Analyse intent / entity distribution

Hello everyone! For big nlu files I need a way to check which entities are present in which intents and how often they occur. Ideally there is also a way to see which words are mapped to the entities. I didn’t find any solutions for this.

Do you now any tools / scripts that I can use for these questions? Or do I have to write them from scratch?

Best regards and thank you for your help!

1 Like

Hi Mike,

Do you want to do this against your training data or user conversations?

Greg

1 Like

Hi Greg,

I want to do this against my training data. I want to compare different approaches of labeling the data and see which performs the best.

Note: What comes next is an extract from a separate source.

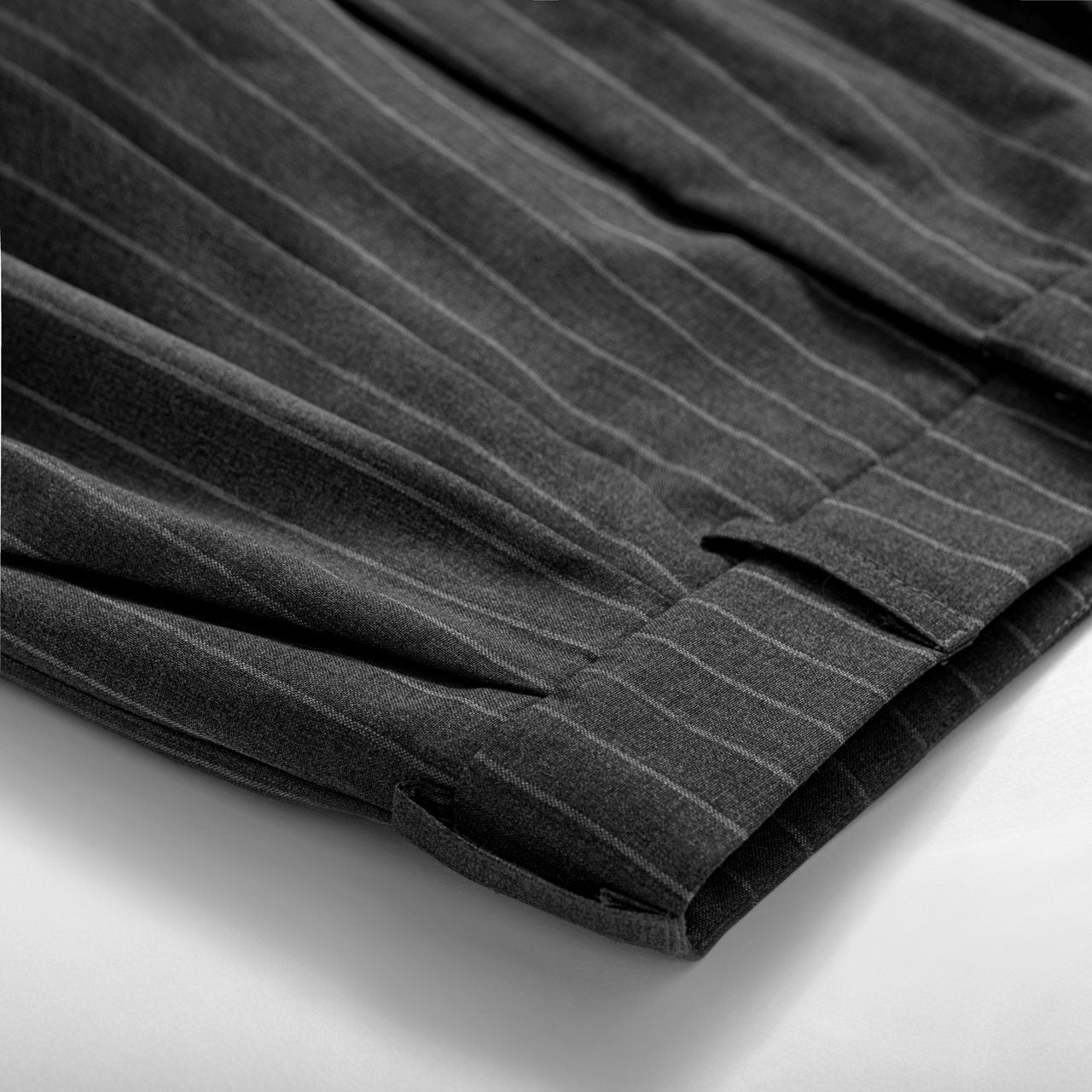 Detal spodni garniturowych w prążek od Aleksandry Markowskiej – eleganckie spodnie materiałowe na formalne i nieformalne okazje.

But to make sure that my data actually follows the intended approach I need a way to check the data and catch any data that was wrongly labeled.

Mike

1 Like

Hi @anyone. I’m interested in doing this exact thing. Any updates on this? Thanks.

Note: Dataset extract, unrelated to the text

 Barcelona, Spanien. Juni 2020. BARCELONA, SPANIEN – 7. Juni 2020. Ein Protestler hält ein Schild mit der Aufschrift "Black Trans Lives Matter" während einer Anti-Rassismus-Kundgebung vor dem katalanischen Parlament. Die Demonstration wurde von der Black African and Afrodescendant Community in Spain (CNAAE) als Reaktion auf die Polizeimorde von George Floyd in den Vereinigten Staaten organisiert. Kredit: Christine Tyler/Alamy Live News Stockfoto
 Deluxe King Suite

@stephens does rasa provide functionality for this? Thanks.

I want to compare different approaches of labeling the data and see which performs the best

For this part of your question, you can use rasa test nlu.

I need a way to check which entities are present in which intents and how often they occur.

I don’t know of an existing solution for this. Maybe one of @koaning’s projects?

I need a way to check the data and catch any data that was wrongly labeled.

I don’t think rasa data validate checks for conflicting entity labels but this would be useful. Might want to submit an enhancement request for this.

I wrote doubtlab which is a general tool, somewhat more aimed at the general scikit-learn ecosystem, which can help you find bad labels in your dataset. This may help with intents, entities not so much at the moment. You can also check out cleanlab for this task.